This page has been formatted for easy printing

Be The Best That You Can Be...
Given all of our choices, it's probably the best.

by Michael H. Thomson
July 5, 2006

Brooks Gardner, a writer with The Partial Observer recently made a comment and raised a question, to paraphrase, Brooks said this is a great country, but what can we do to make it better? The simplicity of the comment and the profoundness of the question definitely beg an answer.
My answer comes from my years working as a recruiter with the Army National Guard and is actually borrowed from the old Army recruiting slogan: "Be All That You Can Be!" Actually, the Army most likely borrowed this from Abraham Maslow's Hierarchy of Needs – the slogan reflects the fifth and ultimate level of need fulfillment - Self-actualization. I've changed it to Be The Best That You Can Be! 
The reason that people all over the world try to get into this country legally or otherwise is that the United States is one of the very few places on this planet where a person can freely "be the best that they can be."
I wake in the morning to news from the BBC in London. The only reason I listen to this left slanted, anti-American newscast is that on the BBC a person gets news that you can't get anywhere else. Knowing the BBC's bias ahead of time, I sift through their commentaries and come up with a daily balanced perspective on what's happening in the world we populate. Nevertheless, you can't leave a BBC broadcast without thinking that the world blames the U.S. for every problem imaginable.
And, do you know what? They do. Then again, I cannot remember a time in my sixty-one years that the world didn't blame the U.S. for its problems. Nevertheless, despite our critics, we as a nation have persevered. Despite our failures, setbacks, and roadblocks, collectively as a people, we have sought to be "the best that we can be."
Ronald Reagan at one time was one of the most caricatured leaders on the world stage. Ignoring his critics Reagan did what he felt was necessary to defeat the scourge of communism. With his talents, showmanship, and character, Reagan's efforts freed millions of people from oppression. He stuck to his guns like the western cowboys in his movies, outspent the communists in the Eastern Bloc, and caused their governments to collapse on themselves. A man who some would say was past his prime, made the world a better place because he sought to "be the best that he could be."
Sam Houston had a reputation as a drunk, a failed husband, and a disgraced governor of Tennessee. Surpassing the pull of his personal devils, Houston became a liberator, the president of a republic, a governor of Texas, and a U.S. senator. He became "the best that he could be."
Billy Graham survived the naivety of youth, brushes with scandal because of anti-Semitic comments taped by Nixon, and the ravages of illness, and age. Learning and improving every step of his way, Billy Graham influenced and has become a positive instrument for change in millions of lives. He could have ended up in mediocrity. He chose not to do so.
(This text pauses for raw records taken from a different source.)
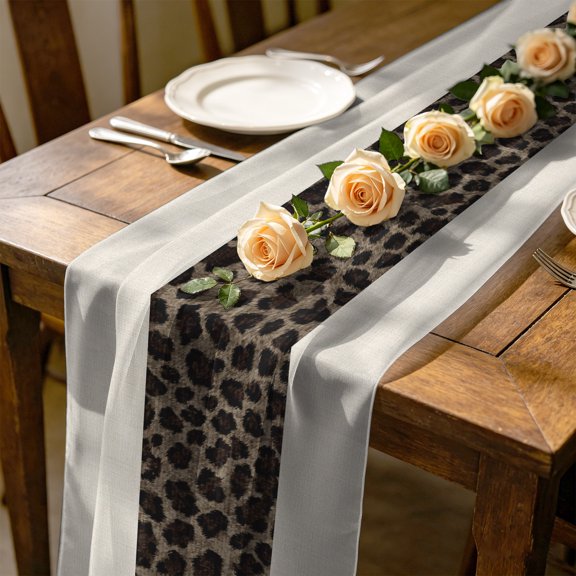 Leopard Spot 10 ft Cheesecloth Table Runner for Wedding 27"x120", Exotic Brown Black Wild Animal Print Kitchen Dinner Sheer Tulle Chiffon Dresser Scarf, Holiday Party Decorations
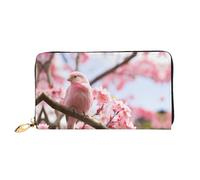 JDFHGNU Cherry Blossom And Bird Pattern, Women'S Wallet, Long Clutch Wallet, Credit Card Holder Wallet, Travel Coin Purse, Black, One Size
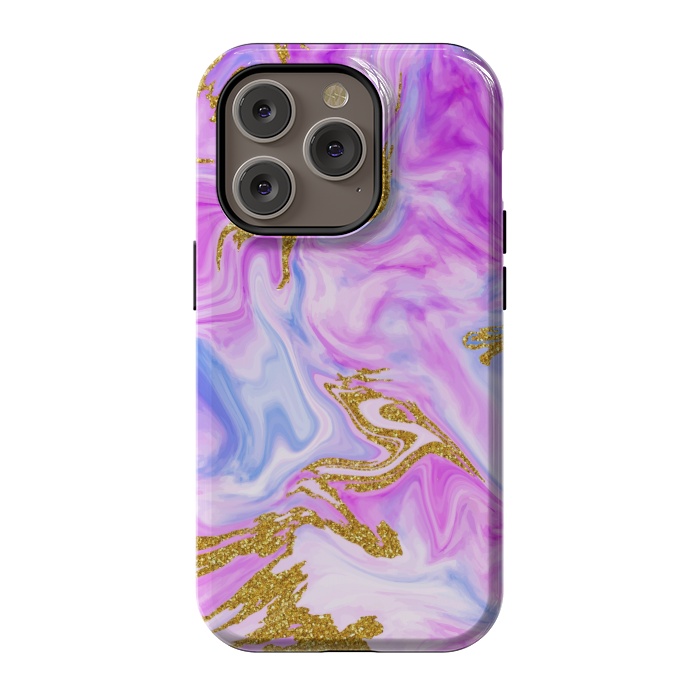 iPhone 14 Pro StrongFit liquid marble with gold accents by ArtsCase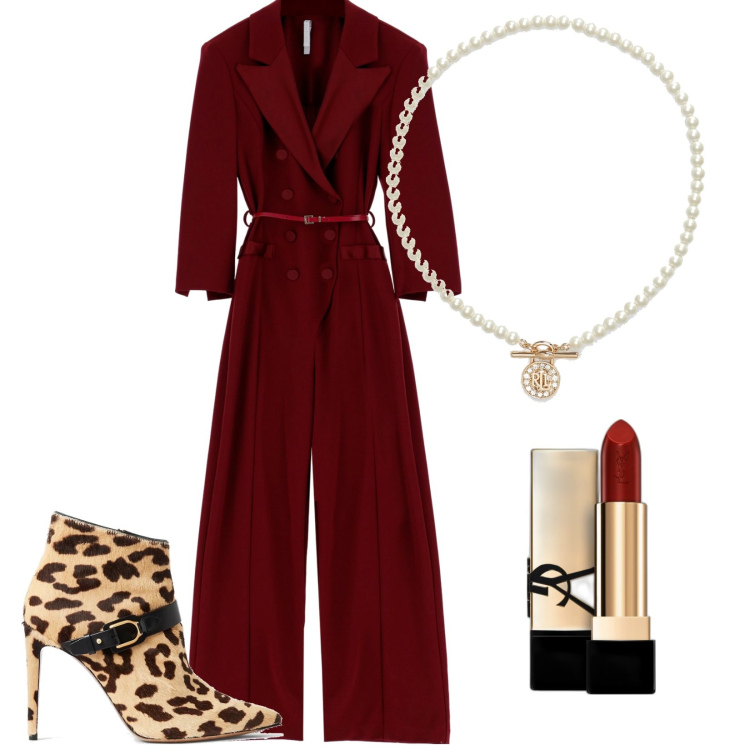 Outfit donna - Aggressiva. Stile Glamour per Serata fuori. Abbinamento con rossetti, tute, ciondoli, stivaletti.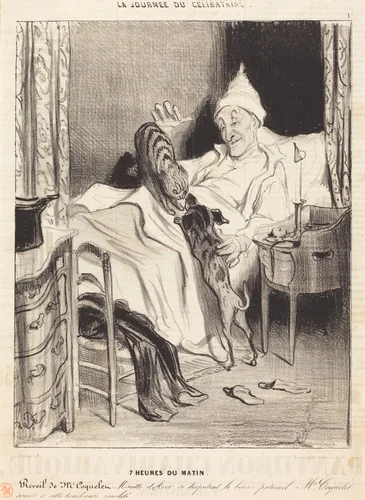 7 heures du matin by Honoré Daumier, print, 1839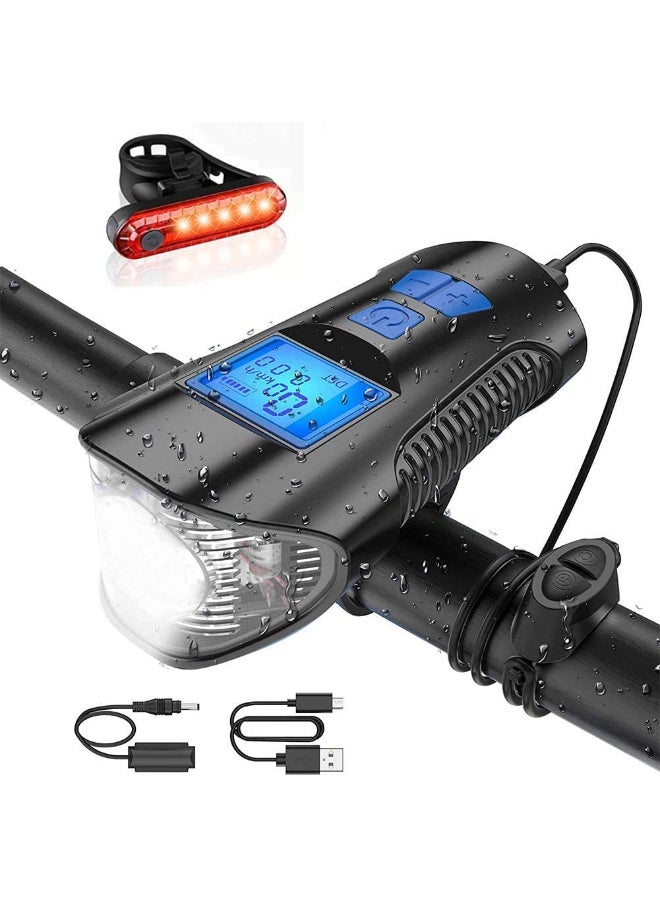 Generic Bicycle Computer Front and Tail Bike LED Light Combo Set, Horn and Speedometer, USB Rechargeable with Long Battery Life IPX5 Waterproof, 4 Lighting Modes, Fits All Mountain & Road Bikes  - Image 1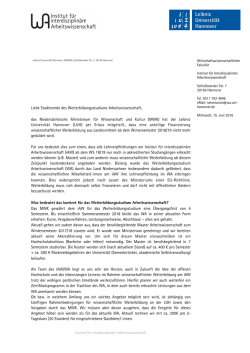 Liebe Studierende des Weiterbildungsstudiums Arbeitswissenschaft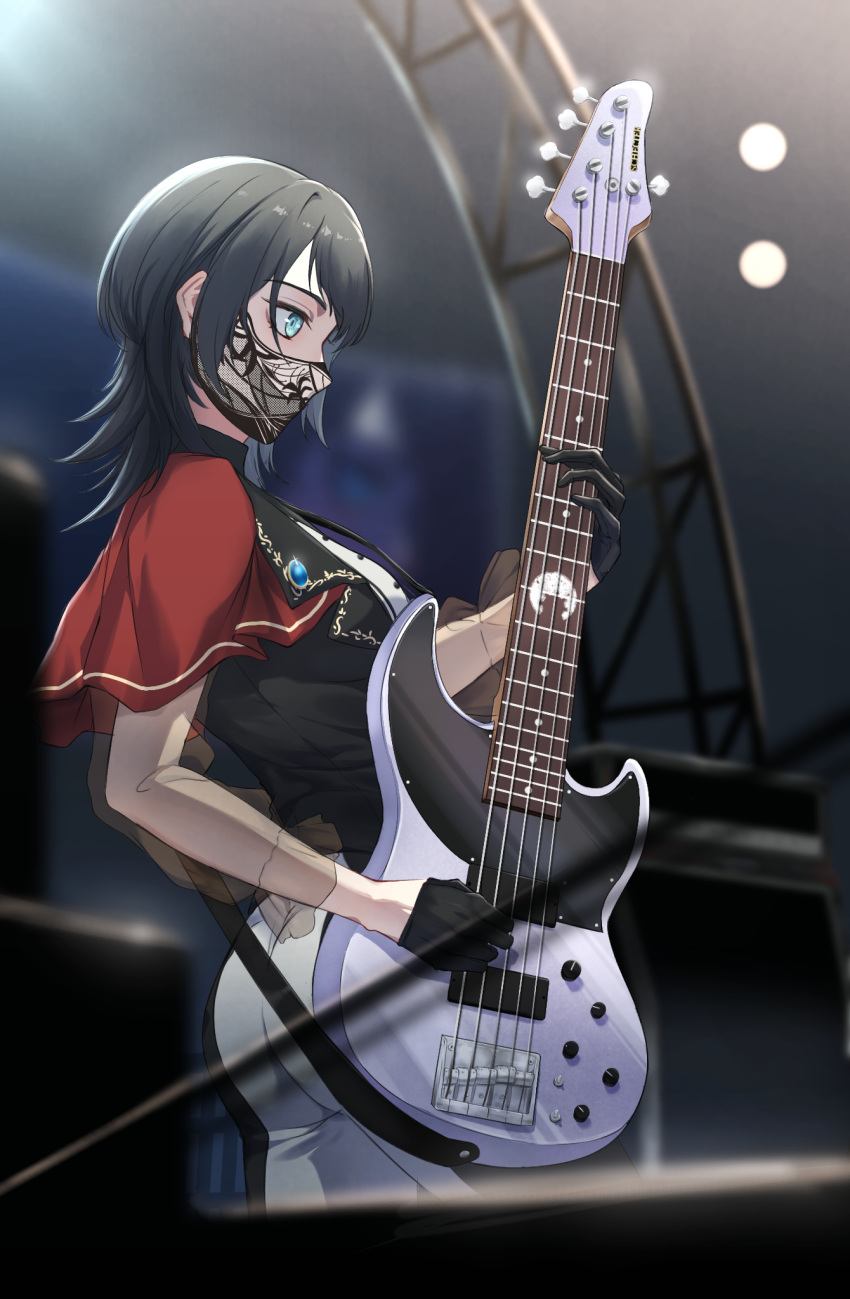 1girl, 5-string_bass_guitar, ass, bang_dream!, bang_dream!_it's_mygo!!!!!, black_gloves, black_hair, black_mask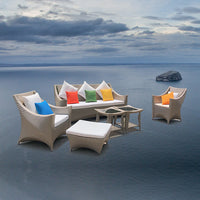 Outdoor Rattan Wicker Sofa Set with Coffee Table, Weatherproof Patio Garden Furniture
He became "the best that he could be."
Do Van Khoai, a Vietnamese refugee, survived war, hardship, camps, and disease, and raised a family that has significantly increased his adopted country's collective productivity. Khoai, even at advanced age has always sought to be "the best that he can be." See The Story of Do Van Khoai
A friend of mine works in the aerospace industry as an engineer. She has had a successful career. A few years ago, my friend was stricken with blindness. Most of her successes have come SINCE the onset of blindness. She is a successful songwriter, instrumentalist, and IT professional. My friend who recently completed her first sky dive constantly seeks to be "the best that she can be."
In Dupont Circle in Washington D.C., there is a statue of American poet Henry Wadsworth Longfellow. Longfellow is probably best known for his poem, Hiawatha. My favorite Longfellow poem, however, is The Psalm of Life. I think the best answer to Brooks Gardner's question cited above would be to reproduce Longfellow's poem:

       The Psalm of Life

Tell me not, in mournful numbers,
Life is but an empty dream!
For the soul is dead that slumbers,
And things are not what they seem.

Life is real! Life is earnest!
And the grave is not its goal;
Dust thou art, to dust returnest,
Was not spoken of the soul.

Not enjoyment, and not sorrow,
Is our destined end or way;
But to act, that each to-morrow
Find us farther than to-day.

Art is long, and Time is fleeting,
And our hearts, though stout and brave,
Still, like muffled drums, are beating
Funeral marches to the grave.

In the world's broad field of battle,
In the bivouac of Life,
Be not like dumb, driven cattle!
Be a hero in the strife!

Trust no Future, howe'er pleasant!
Let the dead Past bury its dead!
Act, - act in the living Present!
Heart within, and God o'erhead!

Lives of great men all remind us
We can make our lives sublime,
And, departing, leave behind us
Footprints on the sands of time;

Footprints, that perhaps another,
Sailing o'er life's solemn main,
A forlorn and shipwrecked brother,
Seeing, shall take heart again.

Let us, then, be up and doing,
With a heart for any fate;
Still achieving, still pursuing,
Learn to labor and to wait.
In other words, be the best that you can be. Thank you Brooks Gardner, for the contemplative fodder.

About the Author:
Mike thinks The Psalm of Life would be a great morning mantra for everyone.